The Mooseman PS4 Review
Haunting Komi-inspired score
Gorgeous art style
Chock full of interesting myths
Slow pace borders on boring at times
Too minimal in its gameplay design
You Snooze, You Moose
Between the Nintendo Switch and PS4, indie developers have more opportunity than ever to get their games in the hands of eager console gamers. When we’ve exhausted ourselves with the latest Battlefield title, or the newest FIFA update, the indie developers are there to pick up the slack in between huge AAA releases from the big companies, giving us experiences that are fresh and engaging, and to me, it always feels like indie games are more inspired, more compelled to teach gamers something or take them on a journey they’ve never been on before. The Mooseman, the first title by Russian developers Morteshka, is no different.
In The Mooseman, the player assumes the role of, you guessed it, the Mooseman, a mysterious and staff-wielding individual who can see the unseen, things hidden to the mortal eye. He embarks on a trek through the three levels of the universe, and along the way there are different artifacts to find and different myths to explore. All of this is set to music that is inspired by the Komi people of Russia, and an art style that takes cues from traditional Perm animal art.
Though billed as a puzzle adventure game, be forewarned that this adventure is short and slow-paced, to the point of being boring at times. The Mooseman can’t run and can’t jump, he can only walk, allowing the gameplay to focus on the light puzzle mechanics that come from being able to switch between the mortal world and the spirit world at the tap of a button.
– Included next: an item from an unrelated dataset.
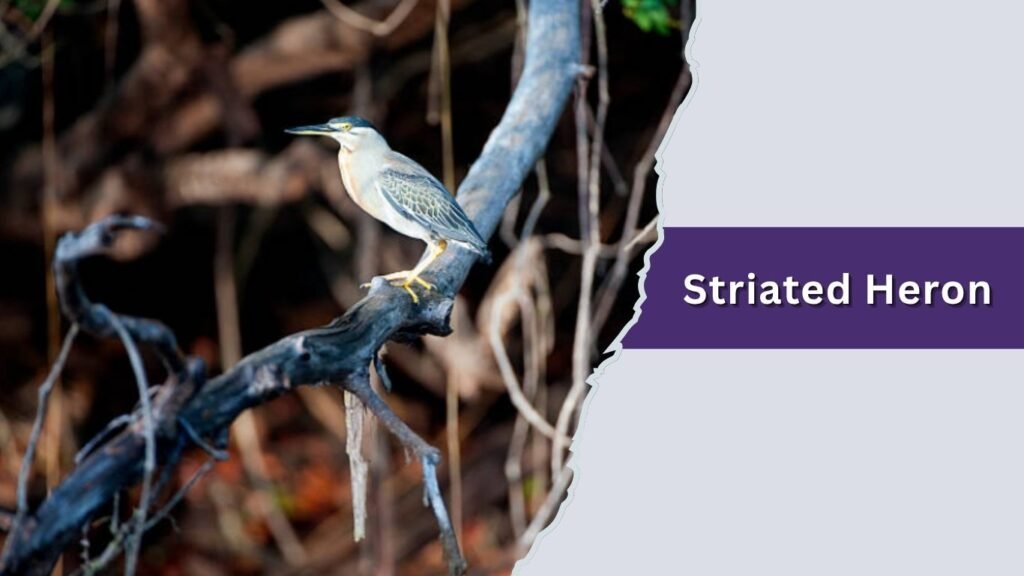 Striated Heron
A giant boulder in the mortal world may actually be a huge worm in the spirit world that can follow you at a slow slither, moving the boulder along with it. Snapping back to the mortal world will stop the boulder and allow the Mooseman to walk on it and reach higher ledges. Can’t find a way across a rocky pit? Switching to the spirit world might reveal a bridge. So on and so forth. These puzzles never struck me as too complex, and if the solution wasn’t immediately obvious in the mortal world, tap that button and it should be clear. There was thankfully some variety in the setting, including a haunting cave and a particularly memorable excursion in a snow-covered world, but the variety did little to make up for the fact that the game is short, with my first playthrough clocking in at just over two hours after looking for every artifact and reading every myth.
Surprisingly, especially given the genre, this is a game that is very focused on its lore. As the Mooseman strolls through the world’s three levels, there are statues stuck in the ground. When he passes them, their eyes glow, and one of a few dozen myths are translated and able to be read in the pause menu. These myths tell exhilarating stories of heroes and monsters, and I began to look forward to walking past those statues so I could read the next one. They’re made even more engaging by the fact that they are real myths from the finno-ugric tribes of Russia, and I found that I was able to appreciate the opportunity to learn about a culture that I was not previously aware of, a sentiment that carried over to the artifacts. I can hear you asking, what are the artifacts? I’m so glad you asked. Although this is a linear adventure, there are artifacts hidden in the world, usually just off-screen. Once their rainbow icons are found, they are added to the artifacts menu, where they can be perused at your leisure. The (incredibly cool) catch is that all the artifacts are based upon real artifacts that are displayed in various museums, as noted in their in-game descriptions. The attention to detail and reverence that Morteshka shows for these cultural artifacts and myths is evident, and it really adds to the whole experience in a meaningful and educational way.
The sound and art design also deserve some extra praise. The score, heavily inspired by Komi folk music, sets the mood perfectly, and I found it fascinating that the developers were able to meld artistic elements from a few different pagan Russian traditions to create a design that seems so cohesive. Not enough can be said about the art style, and how gorgeous it is. In the mortal world, the dark color palette is often breathtaking, from the backgrounds to the character design and even the animations. When the Mooseman enters the spirit world, however, there is suddenly splashes of white, the most immediately noticeable of these being the skull that the Mooseman dons while in this world. These splashes of white have a serene, hand painted quality about them, and I would frequently jump back and forth between worlds to see what extra designs were added to the world that I could not see in the mortal world, whether it be firefly-like creatures buzzing around or stars that illuminate the dark sky. This was hands down my favorite design aspect, and I wish that Morteshka had put as much effort and attention into the actual gameplay as they did with the educational elements and the art and sound design.
Although it might not have all of the aspects that gamers expect out of traditional games, The Mooseman still has merit as an educational and artistically impressive experience. Perhaps there will be future projects where Morteshka and publisher Sometimes You are better able to balance their excellent artistic sensibilities with more engaging gameplay mechanics. For now, we can dive into a slow-paced and sometimes plodding adventure that manages to blend educational aspects with a wonderful presentation, available now on Steam for $6.99, July 18th on PS4 and Xbox One for $6.99, and Nintendo Switch on the same day for $6.29.